Les capitaux-risqueurs font donc davantage confiance que les banquiers ?
Ils sont disposés à prendre le risque, mais auparavant, ils décortiquent le projet, analysent le marché, portent leur attention sur la propriété intellectuelle, et veillent à ce que le business plan tienne la route en termes de chiffre d'affaires, de plan de financement et de charges. Enfin, ils exigent des hommes aux commandes qu'ils aient le caractère et les compétences requises.

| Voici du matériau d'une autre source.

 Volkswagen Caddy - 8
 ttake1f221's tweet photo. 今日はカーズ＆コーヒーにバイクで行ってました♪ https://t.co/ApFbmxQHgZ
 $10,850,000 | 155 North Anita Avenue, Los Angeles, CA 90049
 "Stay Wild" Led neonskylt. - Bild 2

Dès lors que toutes ces conditions sont réunies, ils apportent le financement sous forme de fonds propres.
Fixent-ils un plafond à leur aide ?
Non, le montant du financement dépend du projet - certains gros tours de table ont été constitués pour des apports de plusieurs dizaines de millions d'euros -, et de la société de capital-risque.
Surfinancer les projets
Sont-ils nombreux à s'intéresser à l'agro-alimentaire ?

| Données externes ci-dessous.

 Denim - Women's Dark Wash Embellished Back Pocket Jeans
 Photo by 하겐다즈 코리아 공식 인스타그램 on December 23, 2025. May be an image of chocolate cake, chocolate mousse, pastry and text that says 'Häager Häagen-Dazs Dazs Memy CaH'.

Les capitaux-risqueurs spécialisés dans ce secteur sont peu nombreux. En revanche, beaucoup peuvent s'y intéresser. Pour ce qui est de Créagro, elle a fait de l'agro-industrie son terrain de prédilection. Sur la centaine de dossiers qui nous a été soumise depuis deux ans, elle en a financé une dizaine. Nous avons segmenté les marchés sur lesquels des dossiers nous sont présentés. Dans le domaine strictement du produit alimentaire en tant que tel, très peu de projets nous ont été soumis, étant entendu que nous recherchons les vraies innovations, qui se traduisent par un saut technologique. En revanche, nous avons été sollicités pour des projets dans les produits nutritionnels, dans le diagnostic, l'analyse, les matériels pour l'industrie, les biotechnologies, et l'environnement et l'énergie à partir de matières premières agricoles. Nous n'agissons donc pas au cœur de l'industrie agroalimentaire, au sens classique du terme, mais plutôt à sa marge.

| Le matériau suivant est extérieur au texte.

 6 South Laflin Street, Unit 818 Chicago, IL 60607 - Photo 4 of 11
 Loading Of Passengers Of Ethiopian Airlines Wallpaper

Comment expliquez-vous ce phénomène ?
Le consommateur se méfie du vrai produit nouveau alimentaire. Il suffit de voir les remous créés autour des OGM pour s'en convaincre.
A quoi attribuez-vous les échecs - nombreux - des jeunes sociétés ? Quelles sont les clés de la réussite ?
La réussite tient aux trois conditions que j'ai énoncées plus haut : elle repose sur le couple produit-marché, le comportement de l'entrepreneur et son plan de financement. En revanche, l'échec peut être lié à un trop grand optimisme. Comme le temps nécessaire au démarrage est toujours plus long que prévu, certains ne disposent pas d'un financement suffisant. Le jeune entrepreneur doit donc penser à surfinancer son projet, et ce dès le départ. S'il est convaincu de tenir une bonne idée, encore doit-il en apporter la preuve, en particulier au distributeur, et au consommateur. Cet effort de persuasion prend du temps.